Formation of Sub-millisecond Pulsars and Possibility of Detection

TL;DR

This paper explores the formation of sub-millisecond pulsars, especially quark stars formed via accretion-induced collapse, and discusses their potential detectability and distinguishing features from neutron stars.

Contribution

It introduces a new formation mechanism for sub-millisecond quark stars through accretion-induced collapse and compares their spin periods with those of neutron stars.

Findings

Almost all newborn quark stars could have initial spin periods around 0.1 ms.

Newborn quark stars can have high spin-down luminosity suitable for pair production.
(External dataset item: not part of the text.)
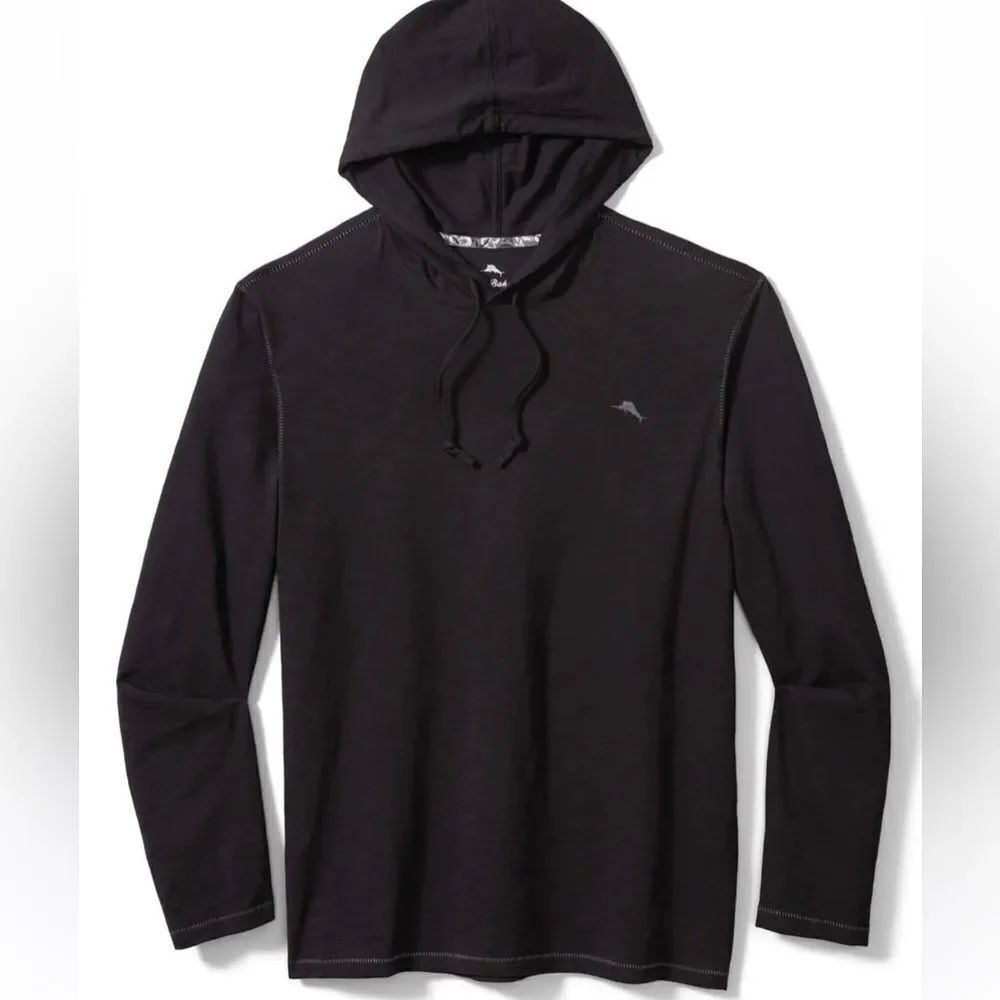 Tommy Bahama Bali Beach Men's Black Hoodie size XLT/TGL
Quark stars formed via AIC can have periods ≤ 0.5 ms, shorter than neutron stars formed by accretion spin-up.

Abstract

Pulsars have been recognized as normal neutron stars, but sometimes argued as quark stars. {\it Sub-millisecond pulsars, if detected, would play an essential and important role in distinguishing quark stars from neutron stars.} We focus on the formation of such sub-millisecond pulsars in this paper. A new approach to form a sub-millisecond pulsar (quark star) via accretion induced collapse (AIC) of a white dwarf is investigated here. Under this AIC process, we found that: (1) almost all the newborn quark stars could have an initial spin period of $\sim 0.1$ ms; (2) the nascent quark stars (even with a low mass) have sufficiently high spin-down luminosity and satisfy the conditions for pair production and sparking process to be as sub-millisecond radio pulsars; (3) in most cases, the timescales of newborn quark stars in the phase of spin period $< 1$ (or $<0.5$) ms can be long enough to be detected. As a comparison, an accretion spin-up process (for both neutron and quark stars) is also investigated. It is found that, quark stars formed through AIC process can have shorter periods ($\leq$ 0.5 ms); while the periods of neutron stars formed in accretion spin-up process must be longer than 0.5ms. Thus if a pulsar with a period less than 0.5 ms can be identified in the future, it should be a quark star.